Consider Taylor polynomial
$$P_{n,a}(x) = \sum_{k=0}^{n} \frac{f^{(k)}(a)}{k!}(x-a)^k$$
Approximating $f(x)$ in a neighborhood of $a$. Then we have remainder function with the relationship $P_{n,a}(x) + R_{n,a}(x) = f(x)$ or $R_{n,a}(x) = f(x) - P_{n,a}(x)$.
Take $n+1$ derivatives of both sides as we get $R^{(n+1)}_{n,a}(x) = f^{(n+1)}(x)$.
At this point we're supposed to bound the derivative so when we integrate back up we back error bounds for $R_{n,a}(x)$. But does it even make sense to write
$$|f^{(n+1)}(x) | < M$$
I am a little stuck because apparently we can only bound the error between $x$ (the point we care about) and $a$ (some nearby value for which we can easily compute $f^{(k)}(a)$ values). But we already have an $x$ in the term?

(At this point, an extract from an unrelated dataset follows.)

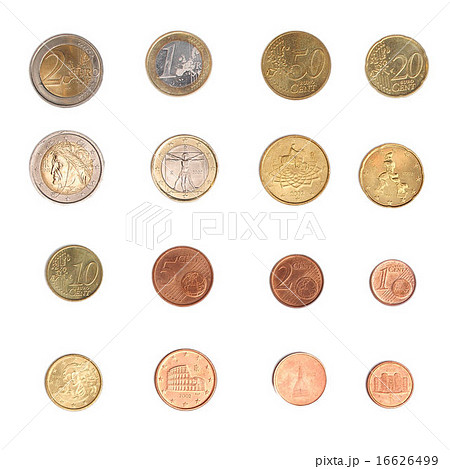 Euro coin - Italy Euro coin - Italy 16626499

I mean I don't think I can say $|f^{(n+1)}(x) | < M$ $\forall x \in (a, x)$ because that doesn't make sense. Or am I supposed to write $|f^{(n+1)}(t) | < M$ $\forall t \in (a, x)$? Like what's the usual way people write this so that when they do the $n+1$ integrations they end up at something that looks like $|R_{n,a}(x)| < \frac{M (x-a)^{n+1}}{(n+1)!}$ or whatever it's supposed to be? What's the correct range of integration? $a$ to $x$? What about when $a > x$, so $x$ to $a$? Do we have to prove both cases? Or do you do generic bounds?
I wish there were clearer information about this online in its derivation. Most websites skip all this stuff and jump right to the end result with very little explanation in between.

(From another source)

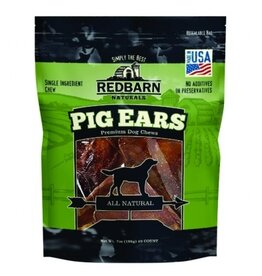 Redbarn Pig Ears-Natural 10pk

It is true that $R_{n,a}^{(n+1)}(x)=f^{(n+1)}(x)$. We even know $R_{n,a}^{(k)}(a)=0$ for $k=0,1,\dots,n$. Thus we actually have a well-defined ODE IVP for $R_{n,a}$, if we are given a function $f$ which is $(n+1)$ times continuously differentiable. Nonetheless this is not generally possible to solve explicitly, so it is not really useful by itself.
On the other hand, one can use this as an alternative derivation of a Lagrange-type error estimate, since it implies that the error is exactly given by:
$$R_{n,a}(x)=\int_a^x \int_a^{t_1} \dots \int_a^{t_n} f^{(n+1)}(t_{n+1}) dt_{n+1} dt_n dt_{n-1} \dots dt_1.$$
Taking absolute values and applying the triangle inequality results in the usual Lagrange-type error estimate $|R_{n,a}(x)| \leq M \frac{(x-a)^{n+1}}{(n+1)!}$ where $M$ is a bound on $|f^{(n+1)}(t)|$ for $t \in (a,x)$.
The actual Lagrange error formula says something a bit better than this estimate, namely that the error is exactly given by $f^{(n+1)}(\xi(x)) \frac{(x-a)^{n+1}}{(n+1)!}$ for some $\xi(x) \in (a,x)$. But since $\xi(x)$ generally cannot be computed, most of the time the Lagrange error formula is used to obtain the Lagrange type error estimate.